Sec. 200.152. NO STATUTORY PREEMPTIVE RIGHT UNLESS SPECIFICALLY PROVIDED BY CERTIFICATE OF FORMATION. A shareholder of a real estate investment trust does not have a preemptive right to acquire securities except to the extent specifically provided by the certificate of formation.

Acts 2003, 78th Leg., ch. 182, Sec. 1, eff. Jan. 1, 2006.

Sec. 200.153. CHARACTERIZATION AND TRANSFER OF SHARES AND OTHER SECURITIES. Except as otherwise provided by this code, the shares and other securities of a real estate investment trust are:

(1) personal property for all purposes; and

(2) transferable in accordance with Chapter 8, Business & Commerce Code.

Acts 2003, 78th Leg., ch. 182, Sec. 1, eff. Jan. 1, 2006.

Sec. 200.154. RESTRICTION ON TRANSFER OF SHARES AND OTHER SECURITIES. (a) A restriction on the transfer or registration of transfer of a security may be imposed by:

(1) the real estate investment trust's certificate of formation;

(2) the real estate investment trust's bylaws;

(3) a written agreement among two or more holders of the securities; or

(4) a written agreement among one or more holders of the securities and the real estate investment trust if:

(A) the real estate investment trust files a copy of the agreement at the principal place of business or registered office of the real estate investment trust; and

(B) the copy of the agreement is subject to the same right of examination by a shareholder of the real estate investment trust, in person or by agent, attorney, or accountant, as the books and records of the real estate investment trust.

(b) A restriction imposed under Subsection (a) is not valid with respect to a security issued before the restriction has been adopted, unless the holder of the security voted in favor of the restriction or is a party to the agreement imposing the restriction.

Acts 2003, 78th Leg., ch. 182, Sec. 1, eff. Jan. 1, 2006.

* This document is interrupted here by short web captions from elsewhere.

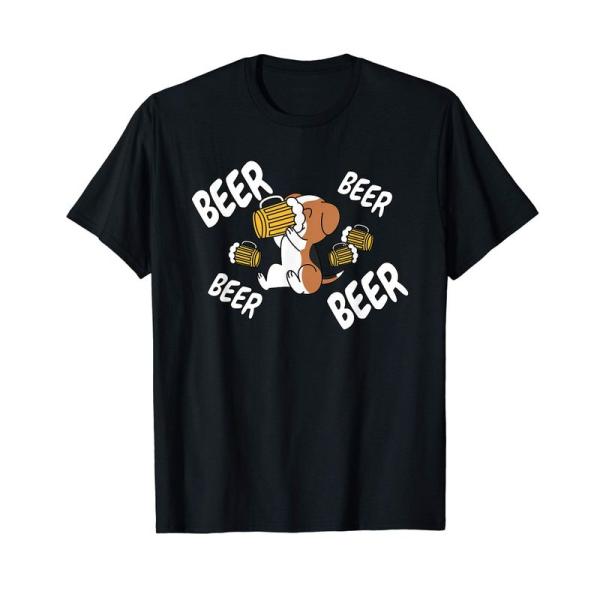 ビールビーグル犬 Tシャツ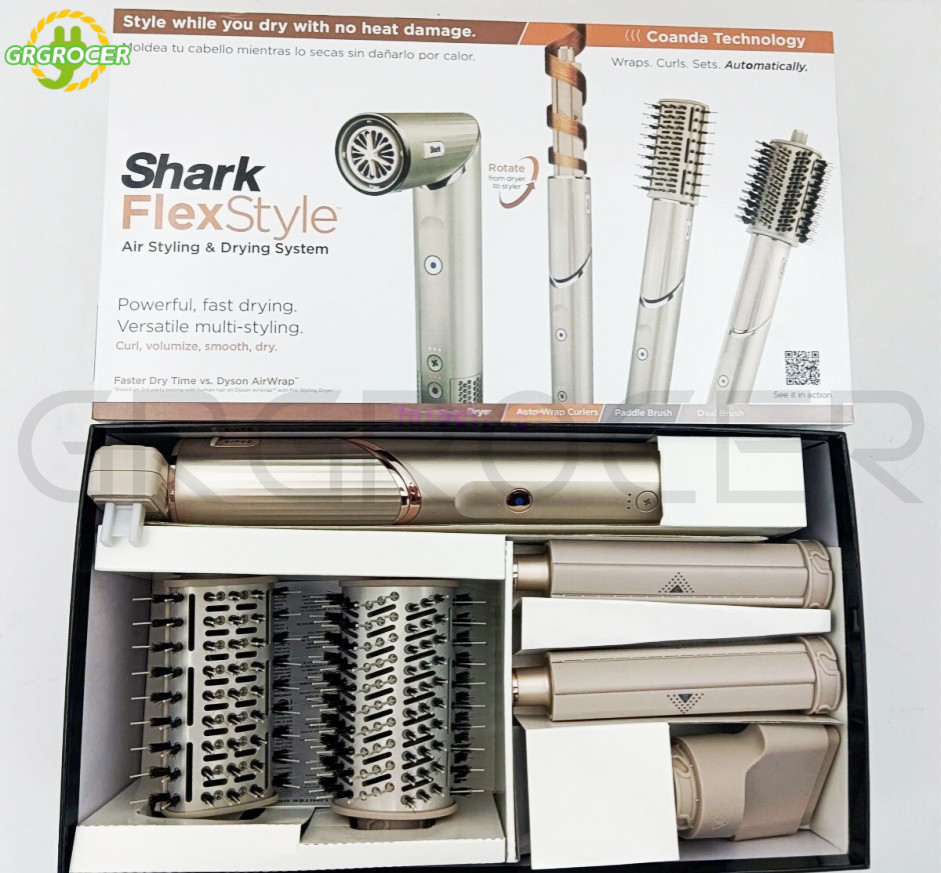 Shark Flex Style 1300W Air Styling & Drying System – Stone (HD430) New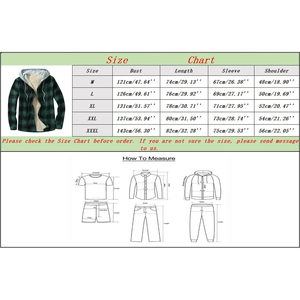 Wholesale Custom Logo Men's <b>Fleece</b> <b>Lined</b> Flannel <b>Shirt</b> Warm up Brushed Plaid <b>Shirt</b> Jacket for Man, Man Jacket - Product Image 6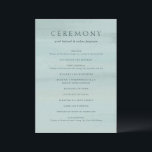 Modern Green Watercolor Elegant Wedding Programme<br><div class="desc">Modern wedding program featuring your details over an abstract watercolor background.</div>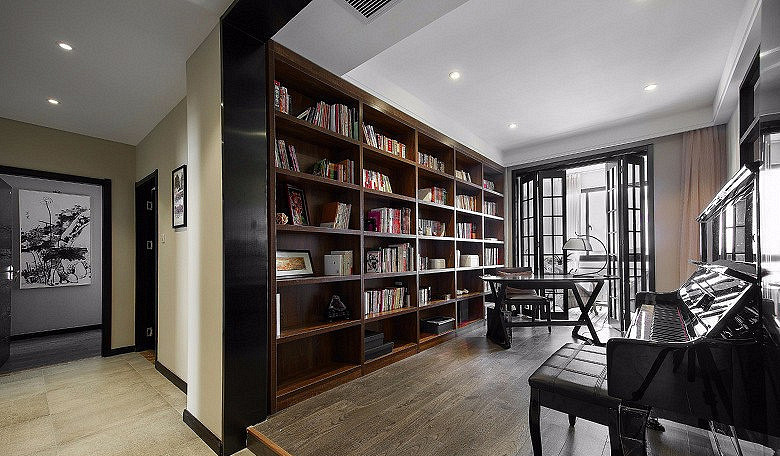 书房图片来自家装大管家在典雅时尚 146平新中式格调3居室的分享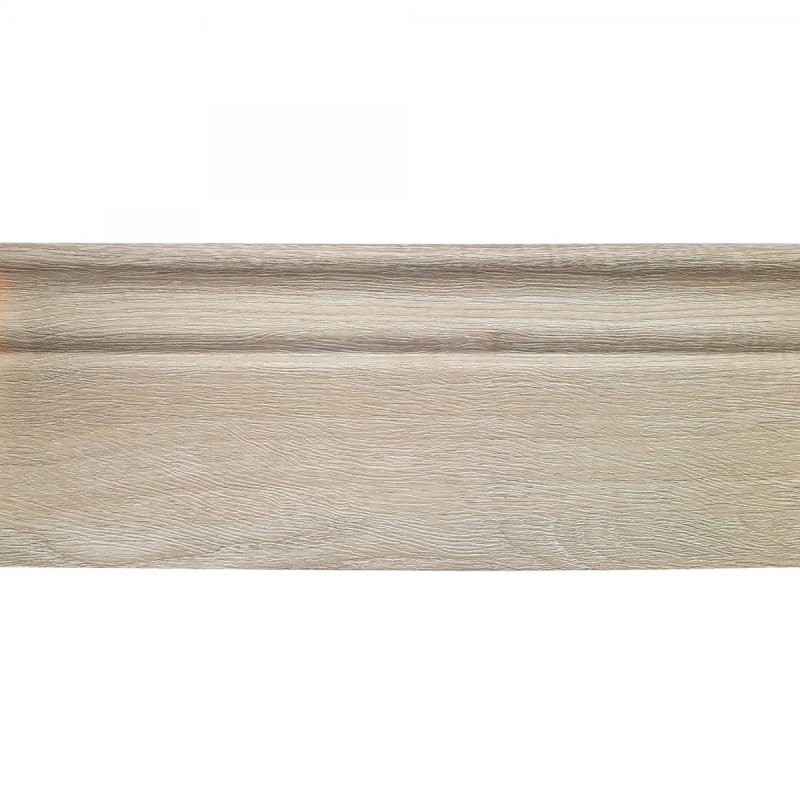 Напольный плинтус ПВХ дуб седой 2500х100 мм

Sec. 200.155. VALID RESTRICTION ON TRANSFER. Notwithstanding Sections 200.154 and 200.157, a restriction placed on the transfer or registration of transfer of a security of a real estate investment trust is valid if the restriction reasonably:

(1) obligates the holder of the restricted security to offer a person, including the real estate investment trust or other holders of securities of the real estate investment trust, an opportunity to acquire the restricted security within a reasonable time before the transfer;

(2) obligates the real estate investment trust, to the extent provided by this code, or another person to purchase a security that is the subject of an agreement relating to the purchase and sale of the restricted security;

(3) requires the real estate investment trust or the holders of a class of the real estate investment trust's securities to consent to a proposed transfer of the restricted security or to approve the proposed transferee of the restricted security for the purpose of preventing a violation of law;

(4) prohibits the transfer of the restricted security to a designated person or group of persons and the designation is not manifestly unreasonable; or

(5) maintains a tax advantage to the real estate investment trust, including maintaining its status as a real estate investment trust under the relevant provisions of the Internal Revenue Code and regulations adopted under the Internal Revenue Code.

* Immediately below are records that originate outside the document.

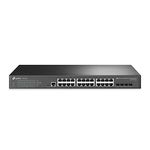 TP-Link JetStream JetStream 24-Port Gigabit L2+ Managed Switch with 4 SFP Slots (TL-SG3428) - SDN Integrated, Static Routing, Cloud Access & Omada App, Limited Lifetime Protection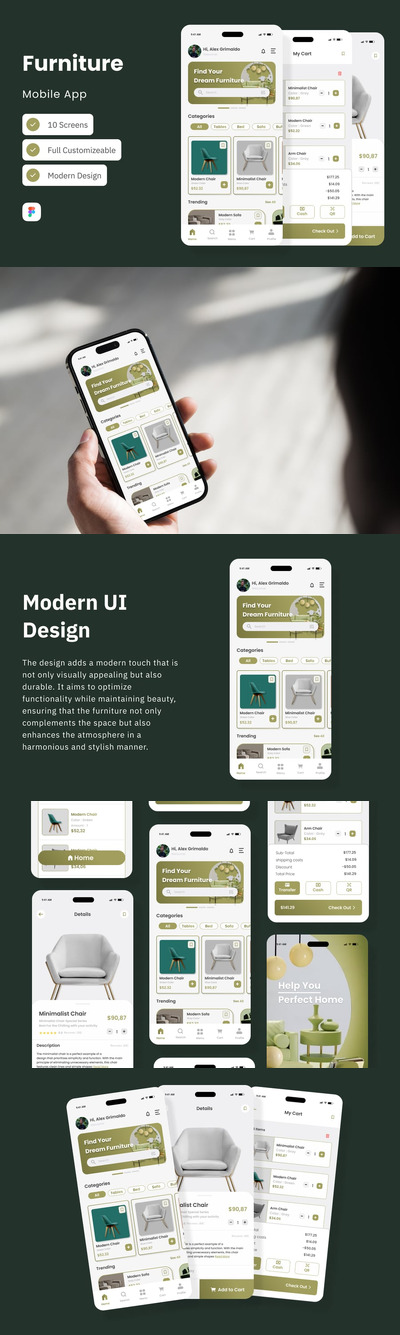 My Furni – 家具移动应用程序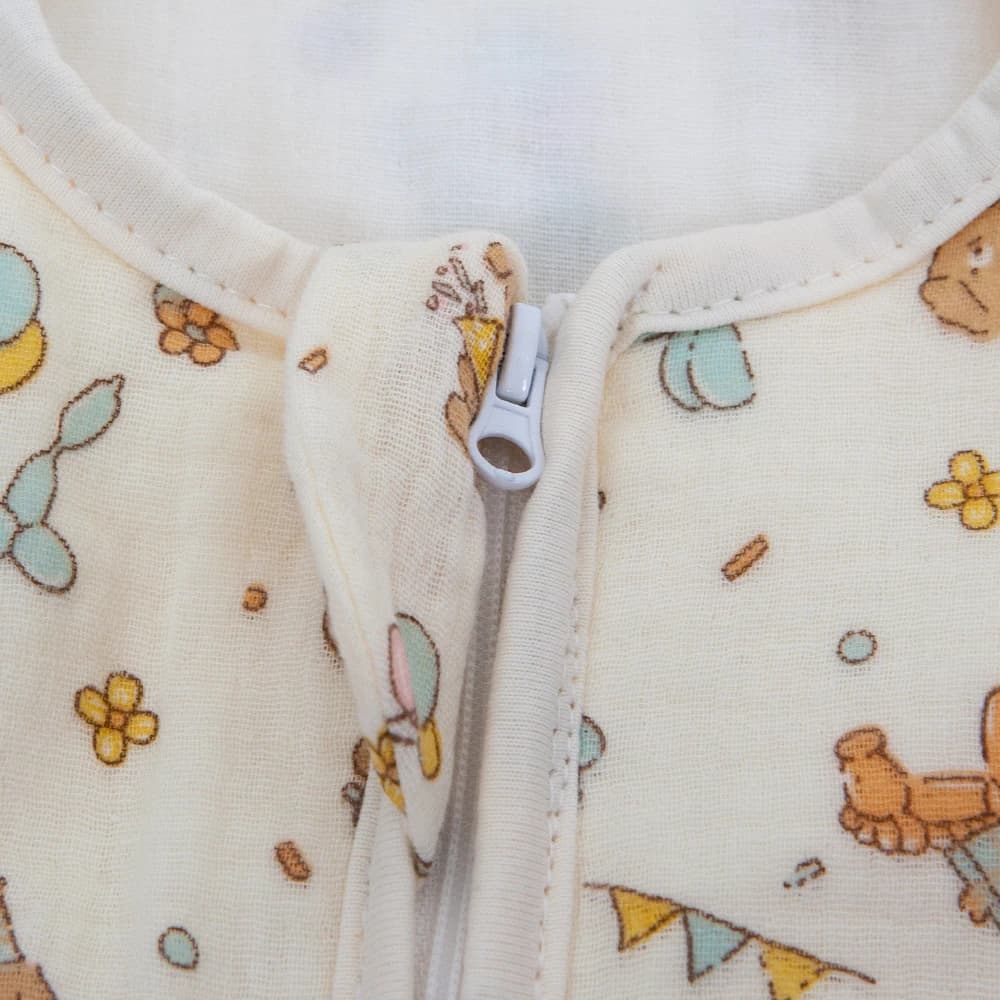 Sac de couchage pour bébé, manches amovibles, gaze fine et respirante en coton, conception à fermetu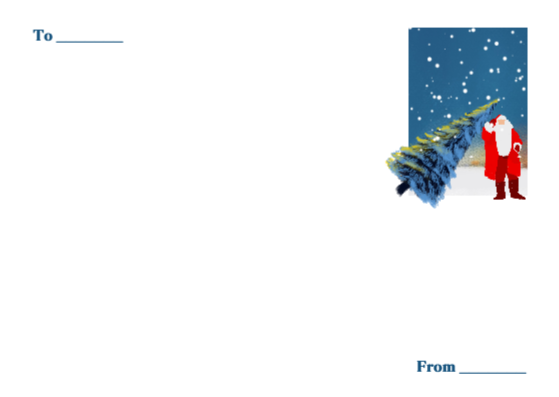 크리스마스트리 배달 엽서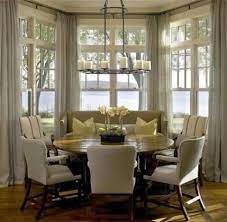 The dining room beside bay windows would offer a morning breakfast that is brightened by outdoor's light. 50 Ideas Kitchen Table Built In Bench Bay Windows Casual Dining Rooms Dining Nook Home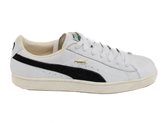 PUMA BASKET CLASSIC WHITE BLACK 351912 03 scarpa da ginnastica unisex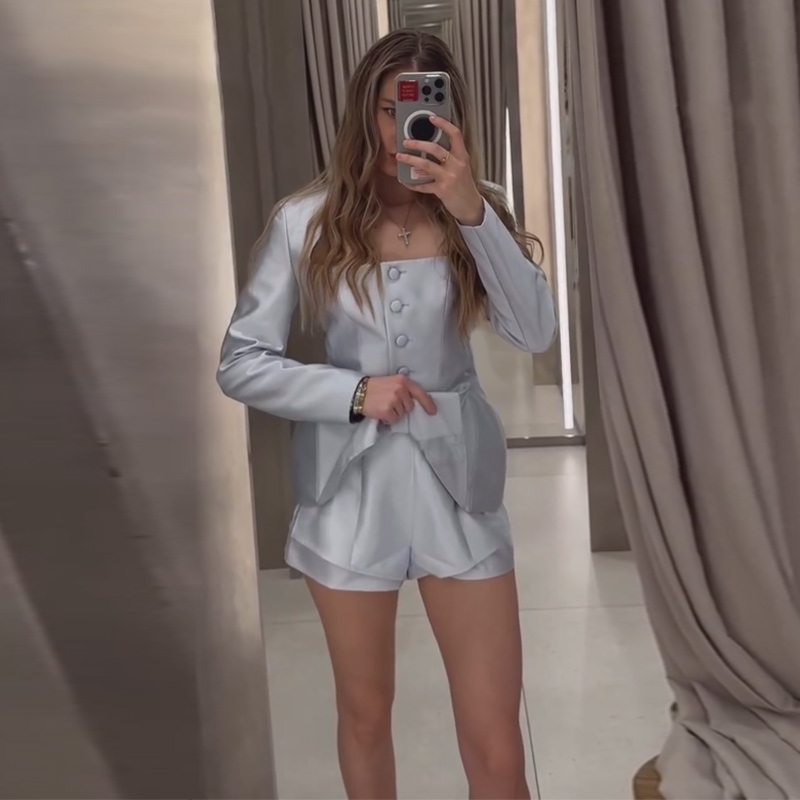 Casual Button Jacket Shorts Su - огляд і ціна Pocket Square Set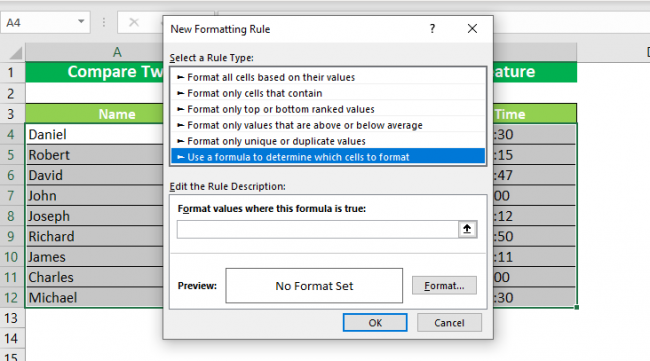 Compare Two Columns in Excel (Ultimate Guide!) - Acuity Training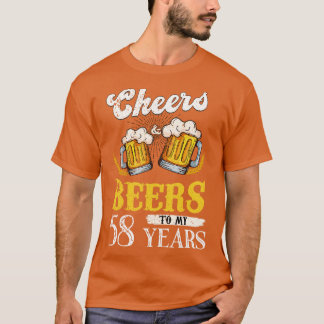 ヴィンテージ応援とビール私の58年の誕生日 Tシャツ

Acts 2003, 78th Leg., ch. 182, Sec. 1, eff. Jan. 1, 2006.

Sec. 200.156. BYLAW OR AGREEMENT RESTRICTING TRANSFER OF SHARES OR OTHER SECURITIES. (a) A real estate investment trust that has adopted a bylaw or is a party to an agreement that restricts the transfer of the shares or other securities of the real estate investment trust may file with the county clerk of the county of the principal place of business of the real estate investment trust a copy of the bylaw or agreement and a statement attached to the copy that:

(1) contains the name of the real estate investment trust;

(2) states that the attached copy of the bylaw or agreement is a true and correct copy of the bylaw or agreement; and

(3) states that the filing has been authorized by the trust managers or shareholders, as appropriate.

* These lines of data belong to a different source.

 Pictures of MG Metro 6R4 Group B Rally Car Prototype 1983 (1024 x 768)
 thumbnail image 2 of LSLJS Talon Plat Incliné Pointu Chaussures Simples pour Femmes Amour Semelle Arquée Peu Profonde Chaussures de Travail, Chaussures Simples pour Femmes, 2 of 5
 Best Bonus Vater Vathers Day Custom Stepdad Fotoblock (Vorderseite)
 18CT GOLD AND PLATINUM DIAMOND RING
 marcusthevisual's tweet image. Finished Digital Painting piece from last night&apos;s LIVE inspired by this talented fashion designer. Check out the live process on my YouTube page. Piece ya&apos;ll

(b) After the statement is filed with the county clerk, the bylaws or agreement restricting the transfer of shares or other securities is a public record, and the fact that the statement has been filed must be stated on a certificate representing the restricted shares or securities if required by Section 3.202.

(c) A real estate investment trust that is a party to an agreement restricting the transfer of the shares or other securities of the real estate investment trust may make the agreement part of the real estate investment trust's certificate of formation without restating the provisions of the agreement in the certificate of formation by complying with this code or amending the certificate of formation. If the agreement alters the original or amended certificate of formation, the altered provision must be identified by reference or description in the certificate of amendment. If the agreement is an addition to the original or amended certificate of formation, the certificate of amendment must state that fact.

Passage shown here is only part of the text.